ついつい人間としての軍事の常識で敵を推し量っていた。
それと先の罪劫王ディアナ=モルスが、軍略家としては有能だったので今回も軍才のある敵だという先入観があった。
「罪劫王ディアナ=モルスは、忌々しいほど狡猾だったからな……」
俺は独語した。
王宮に襲撃を仕掛けて、人類側の最高君主である五王に暗殺を仕掛ける。
黒曜宮を建造して、こちらの進軍を疎外する。 俺とパーティーメンバーを黒曜宮に入れて戦力を分断。
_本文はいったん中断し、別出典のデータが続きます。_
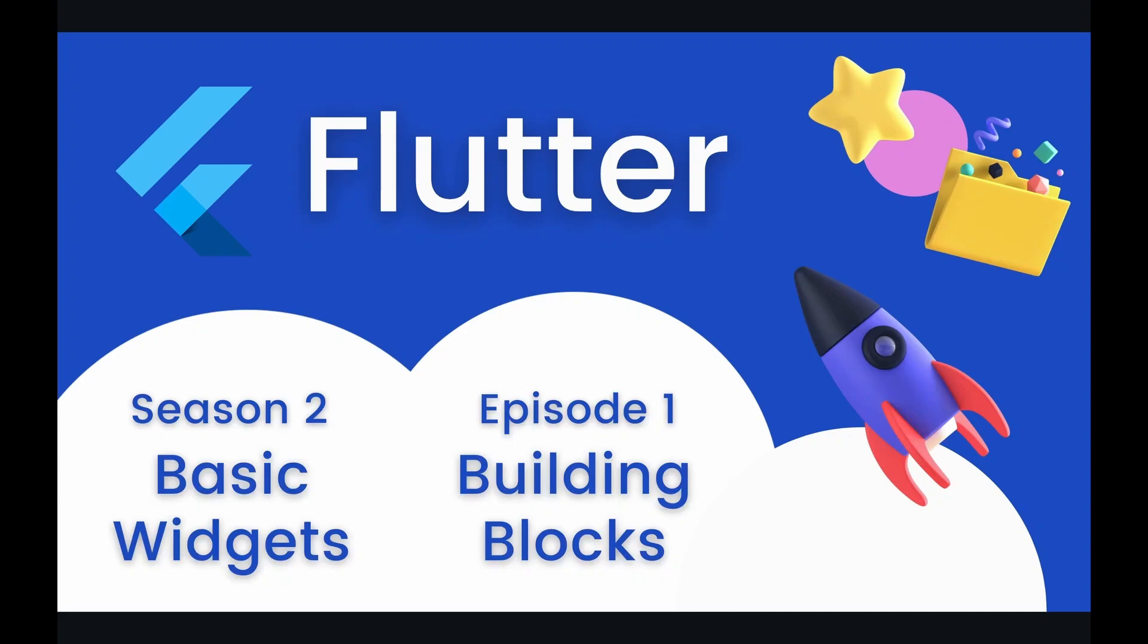Hey coders and welcome to episode one of our basic widgets season on the Flutter course. In today's episode we are going to be setting the stage and introducing a lot of the more foundational widgets which are used as building blocks in basically any Flutter project that you make.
くわえて地球の英雄、偉人、悪党どもを手駒にして俺たちと闘わせた。 どれも、嫌になる程悪辣で上手い戦略だ。
「そう考えると腑に落ちるな」
「うん! 一番、分かり易いよ!」
「……同意」
槍聖クラウディア、勇者エヴァンゼリン、大魔導師アンリエッタが、迷いが晴れたような顔をする。
人間は理解できず、分からない事を恐れる。
憂慮している事態を言語化すると安心する生き物なのだ。まあ、爺ちゃんの受け売りだけど。
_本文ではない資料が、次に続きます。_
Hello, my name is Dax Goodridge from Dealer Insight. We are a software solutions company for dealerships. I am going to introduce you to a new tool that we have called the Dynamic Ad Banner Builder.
「さすがは我が『愛し子』セドナじゃ、鋭い直感じゃのう」
レイヴィア様が手放しで褒める。相変わらずセドナに甘いなぁ。
「そ、その……、直感ですので正解かどうかは分かりません。申し訳ありません」
思った以上に好反応だったのか、逆にセドナがあせってし
まっている。
「いや、良い意見だったよ。お陰で迷いが少しは晴れた。今後も遠慮無く意見を言ってくれ」
俺の言葉はお世辞じゃない。事実、何か今回の罪劫王の姿のようなもものが朧気ながら見えたような気がする。
「元々、進軍中は誰でも疑心暗鬼になり警戒心も強くなる。戦争は不確定要素ばかりだからね。こうやって自由闊達に意見を出し合う事が重要なんだ」
「分かりました」
セドナが、微笑して頷く。
セドナの意見のお陰で、司令部の空気が少し明るくなった。